REIGNING CHAMPION MEEKE LOOKS AHEAD TO HIGH SPEED RALLY OF SCOTLAND Reigning Intercontinental Rally Challenge Champion Kris Meeke says 2010's RACMSA Rally of Scotland (15-17 October) is "going to be like threading a needle at 120mph" due to the...
REIGNING CHAMPION MEEKE LOOKS AHEAD TO HIGH SPEED RALLY OF SCOTLAND
Reigning Intercontinental Rally Challenge Champion Kris Meeke says 2010's RACMSA Rally of Scotland (15-17 October) is "going to be like threading a needle at 120mph" due to the event's spectacular high-speed stages through the forests of Perthshire and Stirlingshire.
Rally of Scotland is the penultimate round of this year's high-profile IRC - in fact it is the only UK event on the IRC calendar which, during its season, also takes in premier events in South America and mainland Europe. This coming weekend (23-25 September) teams, cars and drivers will be in action in Italy's riviera San Remo round before arriving in Scotland just three weeks later.
But Northern Irish ace Meeke, who will be in action in his Peugeot 207 S2000, says out of all the countries the IRC visits it is Scotland that stands out above the rest in terms of a driving challenge.
He comments: "Every event is unique of course but this one is a bit extra special. These are some of the best gravel stages in the world bar none. Scotland is a very fast rally with a lot of the stage miles flat in fourth, fifth or sixth gear - there are some big ditches and lots of trees but getting right makes it very pleasurable for a driver. It is going to be like threading a needle at 120mph."
Meeke, a former protege of Scotland's late rallying hero Colin McRae, also believes Rally of Scotland's dramatic setting will appeal to both die-hard and casual motor sport fans alike - organisers have this year cut ticket prices (admission for children aged 15 & under is FREE) and offered greater access to stages.
He adds: "The sport has something really special in terms of atmosphere and spectacle, Scotland in particular because of the scenery which is just incredible. You take anyone out into the forests and watch these cars being driven on the limit sideways, let them listen to the noise of an S2000 car getting closer and it will instantly make the hairs on the back of their neck stand up. It has that kind of magic about it.

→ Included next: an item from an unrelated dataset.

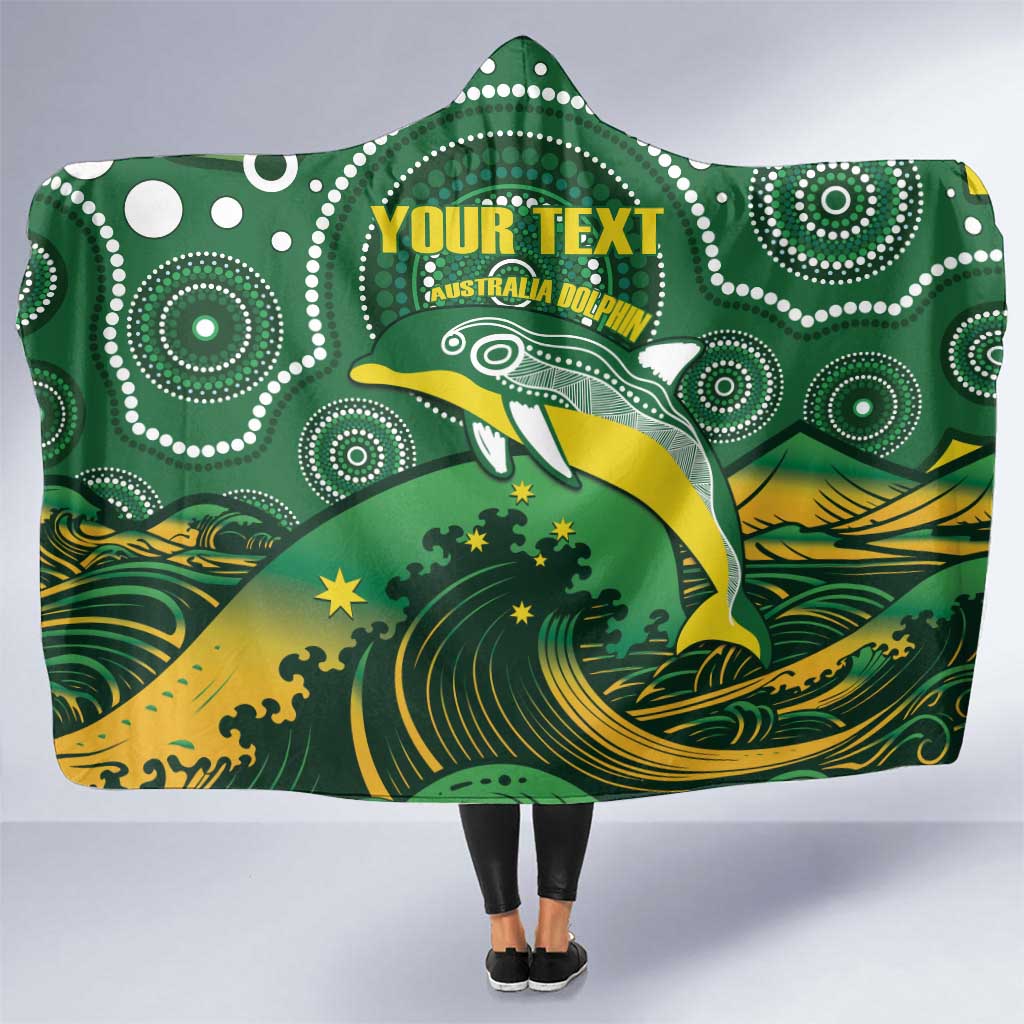 Personalised Australia Swimming Hooded Blanket Aussie Dolphin Aboriginal National Color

"The crowds can really get behind the teams and drivers because the cars they see in action are similar to the ones they drive on the road. Rallying is also set against a real backdrop - it's not like F1 which is a made-up environment."

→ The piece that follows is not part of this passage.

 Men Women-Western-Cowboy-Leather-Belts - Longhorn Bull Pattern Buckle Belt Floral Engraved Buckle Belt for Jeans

Meeke won 2009's Rally of Scotland 'on the road' only to have that victory removed because a minor technical infringement with his car, but says he feels no sense of revenge re-visiting Scotland.
He says: "I'm here to win it like I did last year. As far as I'm concerned there's no revenge at all and I'm not playing the political game. The technical infringement was small that, to me, I won it in '09 and I'm back to do exactly the same again this year and make it two in a row."
In addition to Meeke, other British heroes set to tackle Rally of Scotland (15-17 Oct) include Skoda UK's Guy Wilks and Scottish hero Alister McRae in his Proton. Other Scottish crews are also gearing up the event as they seek to use the opportunity to make a name for themselves on an international stage. Many more top 'overseas' IRC regulars are also plotting their entries. This year's event starts at Scone Palace on the Friday night (15 Oct) before two days of flat-out action on competitive timed stages through the forests of Perthshire and Stirlingshire before the Ceremonial Finish at Stirling Castle.